For many foreigners, the country is still associated with the civil war that occurred in 1994. But Rwanda has done an exemplary job putting its past behind with a commitment to democracy, justice, reconciliation, and development.
Last month the World Economic Forum on Africa took place in Kigali, Rwanda’s capital, and was focused on “Connecting Africa’s Resources through Digital Transformation.” It’s no coincidence the event was located there, given that Rwanda is now known as a “regional high tech hub and boasts one of sub-Saharan Africa’s fastest GDP growth rates.”
Also, no surprise that SAP kicked off its second year of Africa Code Week from the Forum in Kigali. SAP and its partners created Africa Code Week to teach software coding skills to young people from age 8 to 24. Last year the initiative reached 89,000 youth in 17 countries. The goal for 2016 is to train more than 150,000 youth across 30 countries.
Walking the streets of Kigali, the city is clean and beautifully landscaped with new buildings are everywhere. When I spoke with is Abdul Musare Arsene, a young journalist in Kigali last month, I asked him what excited him most about Rwanda right now.
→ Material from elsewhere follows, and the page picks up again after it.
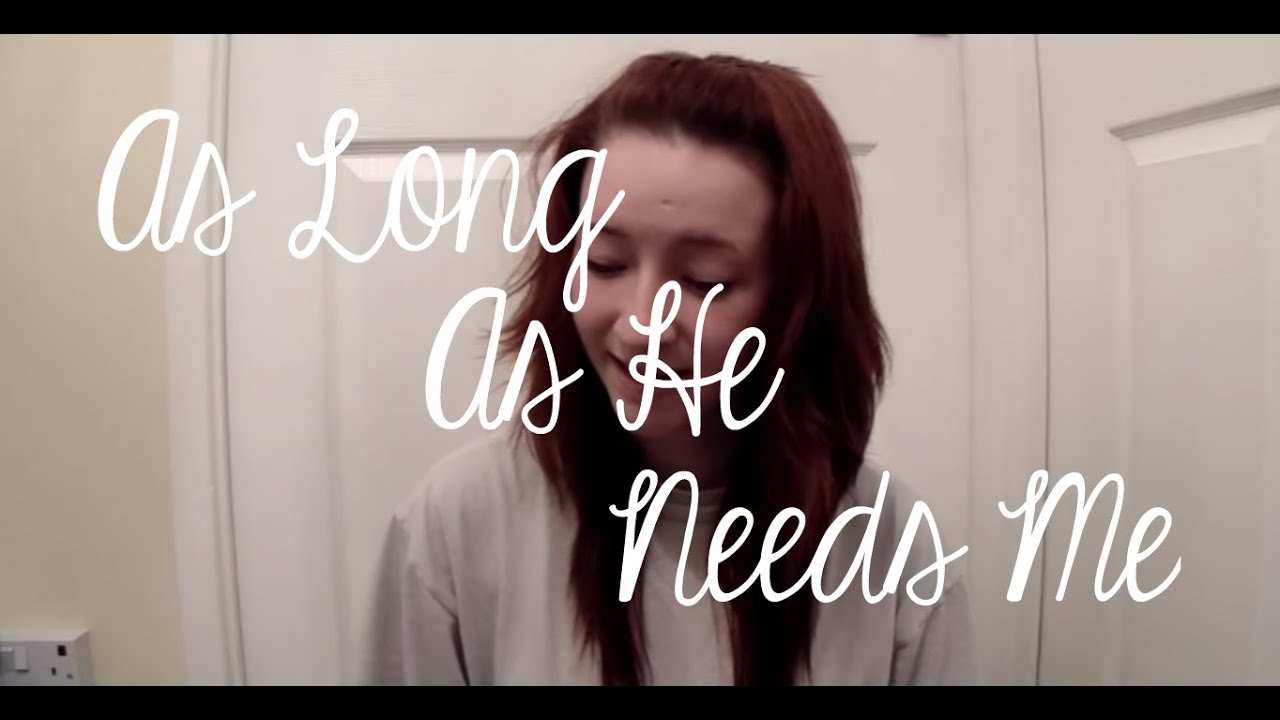 As Long As He Needs Me - Oliver! (Cover)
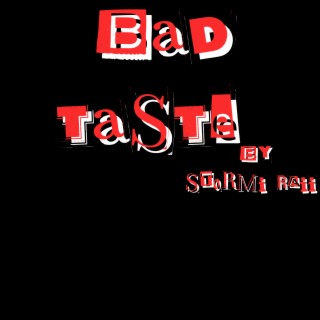 Bad Taste lyrics | Boomplay Music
“Rwanda is developing so quickly,” he said. “Much more so than neighboring countries – Burundi, Congo, Uganda — if you leave Kigali for two months, you come back a stranger. There are new buildings everywhere and so much economic development.”
Rwanda’s progress is due to a very deliberate strategy. Enacted in 2000, Vision 2020 is Rwanda’s strategy to become a middle-income country by the year 2020 and transform Rwanda into a knowledge-based economy that can compete regionally and globally.
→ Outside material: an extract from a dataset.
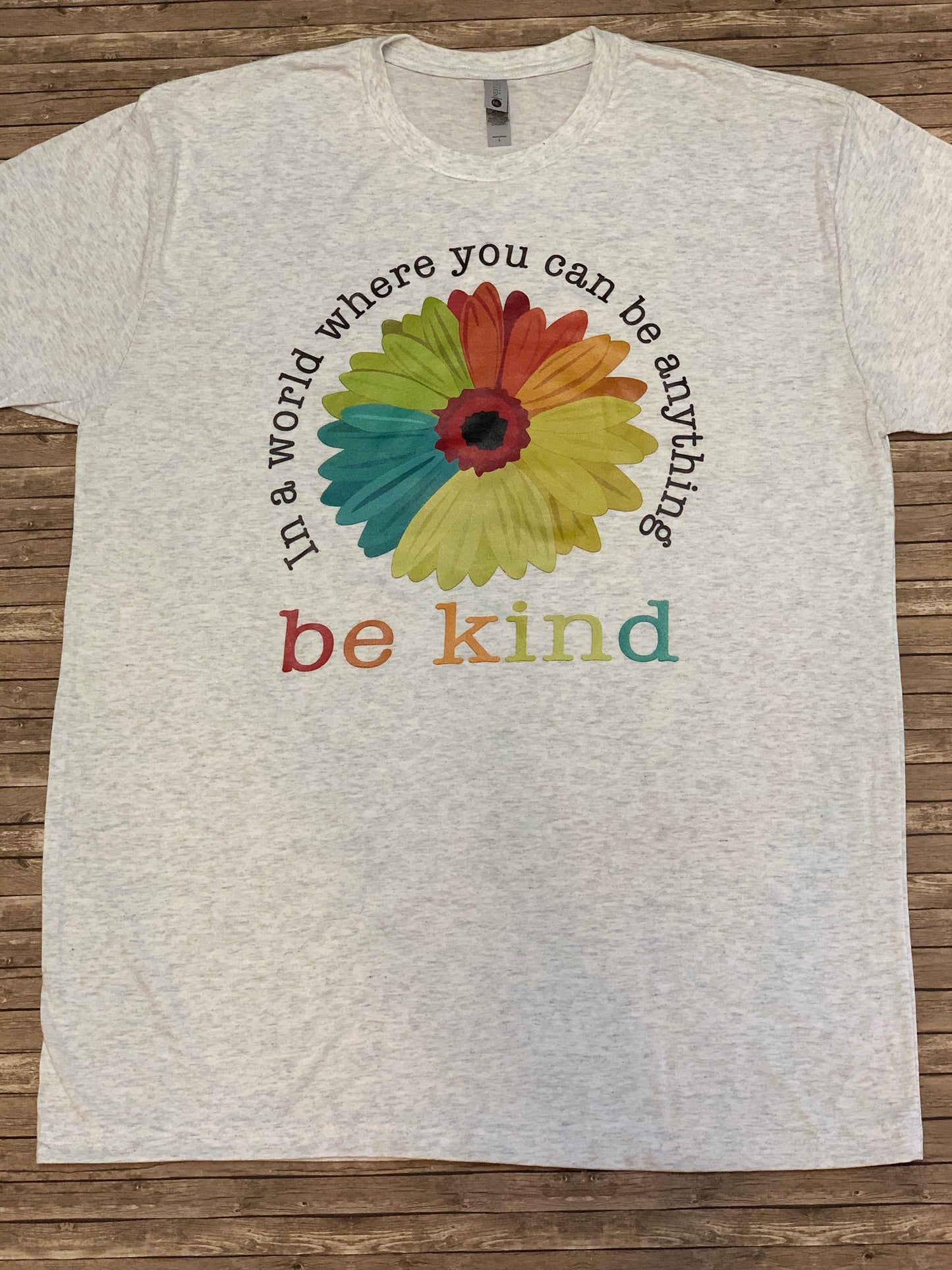 In A World You Can Be Anything, Be Kind T-Shirt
Increasing the technology infrastructure is arguably the most important pillar to the success of Vision 2020 and cuts across all of the program’s priorities such as good governance, a skilled workforce and vibrant private sector.
The government has been steadily dedicating funds and raising foreign investment for the ICT sector. The result: Rwanda is now a best practice showing how a nation can overcome historical trauma, forging a new identity as technology innovators. An interim report on progress shows that since 2000:
- ICT grew at 25 percent, while the rest of the economy grew at about 7 percent.
- Phone and internet penetration is at about 70 percent and 28 percent respectively
- The country is well on its way to providing 4G LTE coverage for 95 percent of Rwandans by 2017.
- Over 5,000 kilometers optic fiber have been laid throughout the country.
Opening new opportunities
With 43 percent of the Rwandan population under 16 years, sustained growth depends on teaching young people technology skills and inspiring entrepreneurship. This is partly why government officials have embraced Africa Code Week, like Jean Philbert Nsengimana, the Minister of Youth and ICT of the government of Rwanda.
“Africa Code Week is opening a new area of opportunity up to everyone,” said Minister Nsengimana. “It’s shaping a mindset that coding is going to be the new language – that everyone has the right to be literate in the 21st century, especially the young generation. And it’s a challenge also, that more needs to be done to equip schools so that we close the gap as much as possible between those who have access to the best infrastructure and those in rural Africa that have been left behind.”